Data to examine:
----------

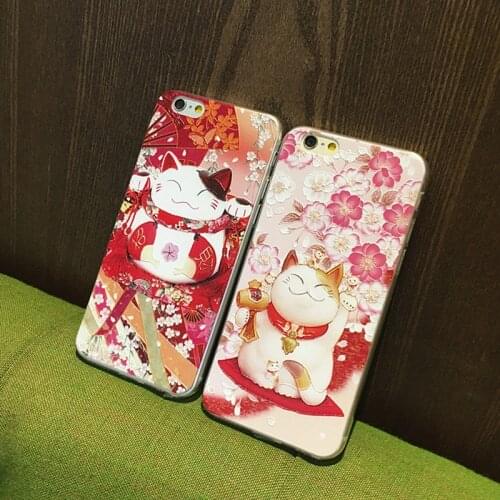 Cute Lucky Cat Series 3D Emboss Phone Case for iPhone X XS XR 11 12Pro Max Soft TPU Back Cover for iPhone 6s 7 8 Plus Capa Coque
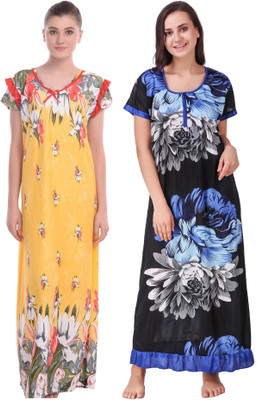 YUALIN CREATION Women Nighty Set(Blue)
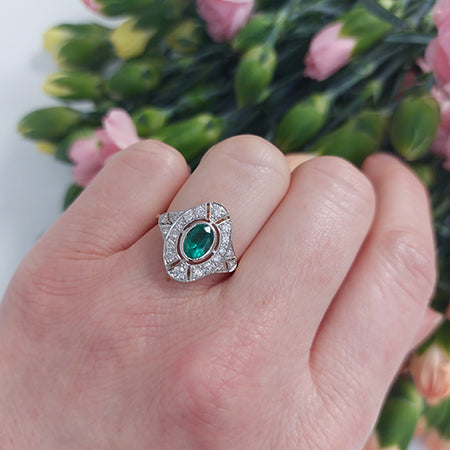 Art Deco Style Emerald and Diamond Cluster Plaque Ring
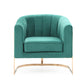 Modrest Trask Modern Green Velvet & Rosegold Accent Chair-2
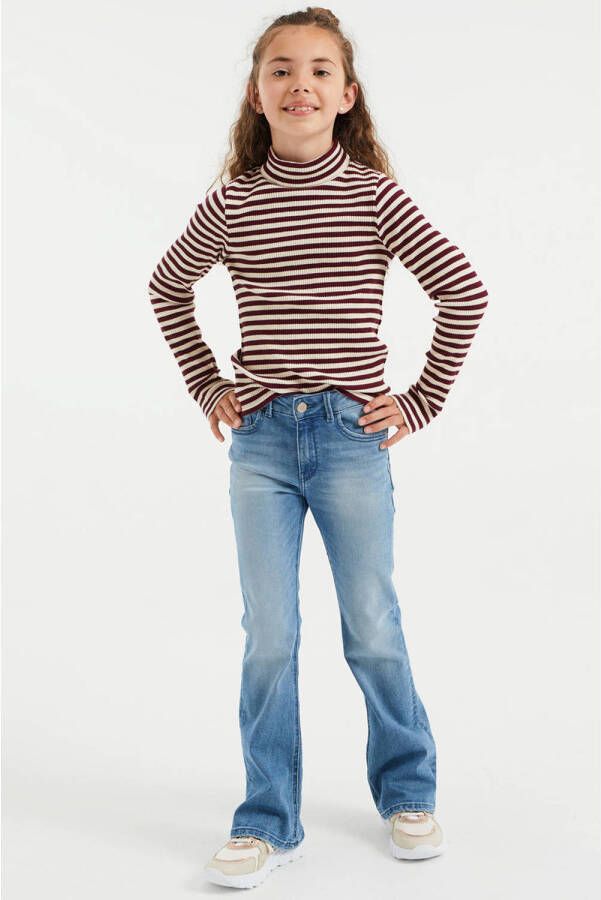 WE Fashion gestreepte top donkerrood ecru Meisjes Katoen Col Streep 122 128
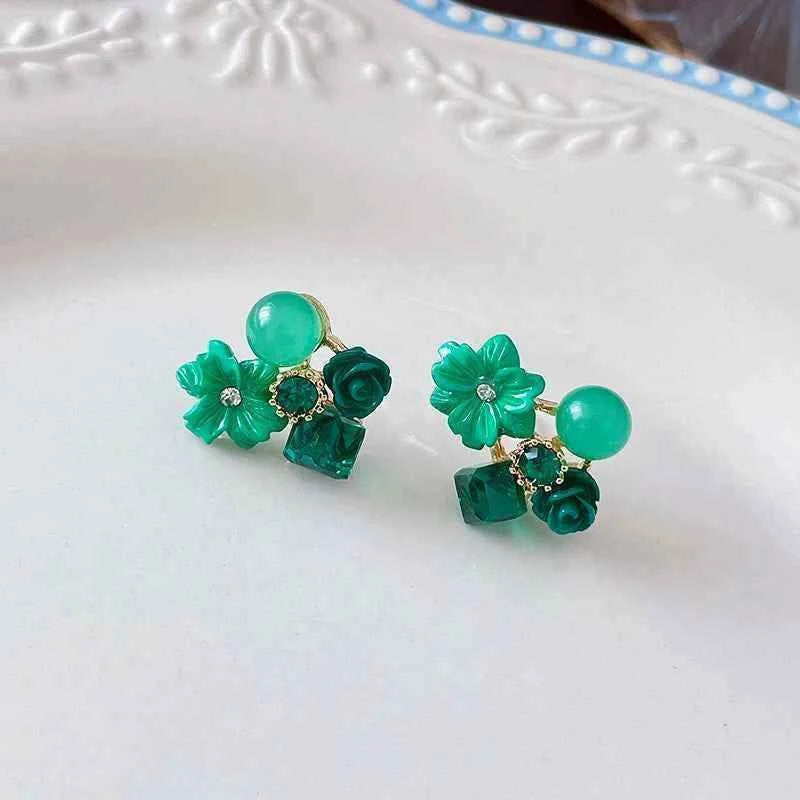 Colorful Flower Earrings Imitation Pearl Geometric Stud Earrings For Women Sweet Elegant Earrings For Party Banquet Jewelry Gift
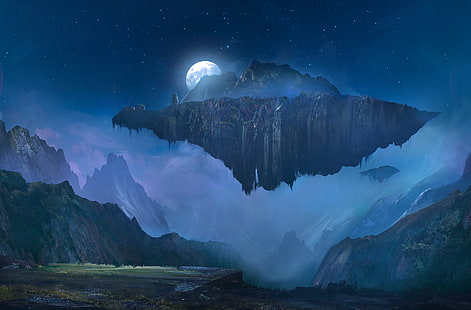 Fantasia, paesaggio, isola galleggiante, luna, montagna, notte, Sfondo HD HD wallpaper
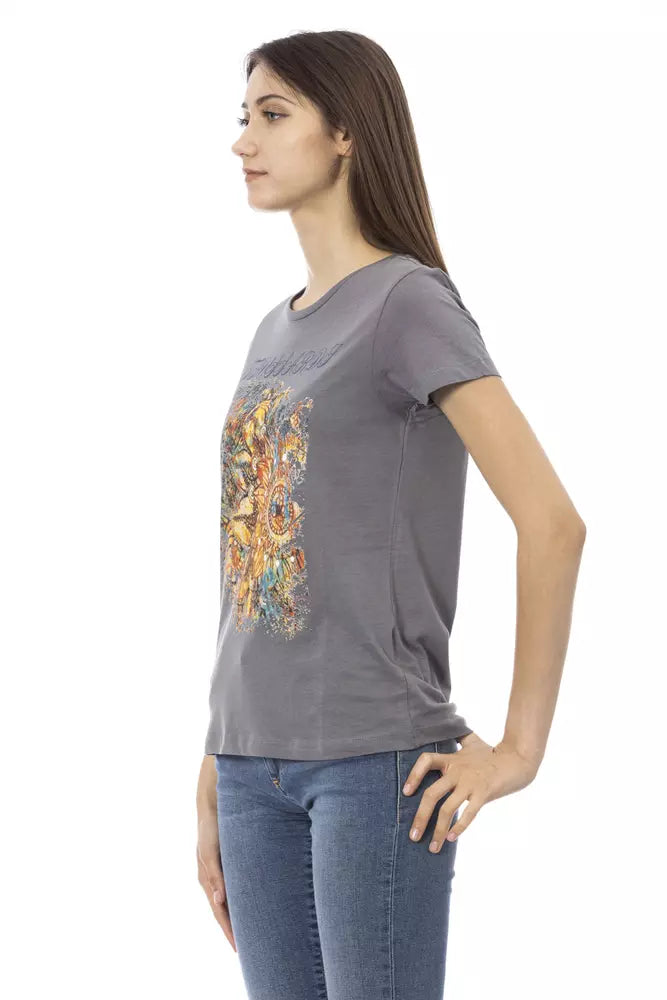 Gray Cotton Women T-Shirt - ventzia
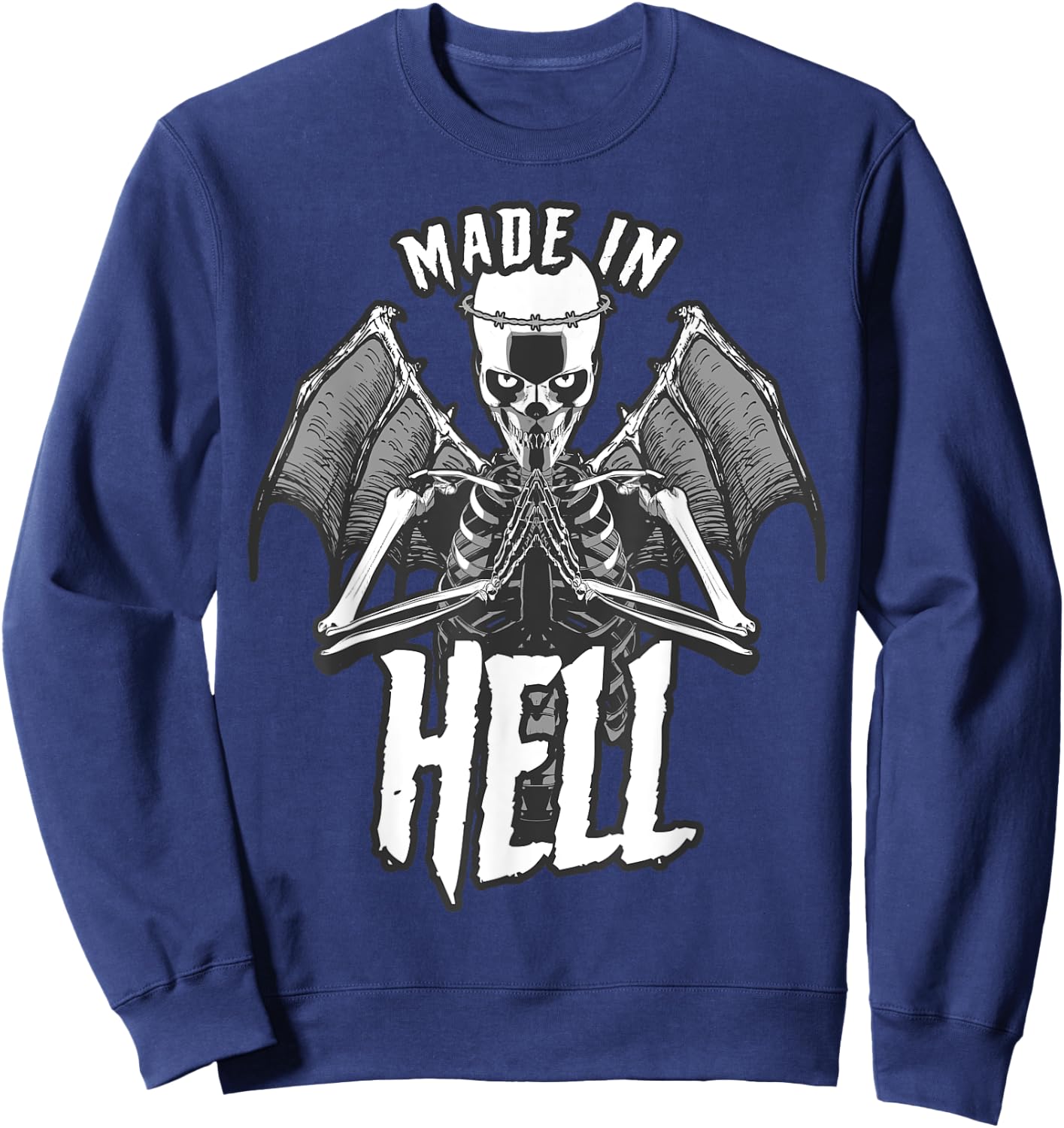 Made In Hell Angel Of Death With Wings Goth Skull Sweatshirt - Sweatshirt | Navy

----------

Exercise brief: Pictures stay out of this copy. Retype exactly the lines from the one with "Colorful Flower Earrings" through the last line of the data, both ends included, and nothing more.

Answer to the exercise:
 Colorful Flower Earrings Imitation Pearl Geometric Stud Earrings For Women Sweet Elegant Earrings For Party Banquet Jewelry Gift
 Fantasia, paesaggio, isola galleggiante, luna, montagna, notte, Sfondo HD HD wallpaper
 Gray Cotton Women T-Shirt - ventzia
 Made In Hell Angel Of Death With Wings Goth Skull Sweatshirt - Sweatshirt | Navy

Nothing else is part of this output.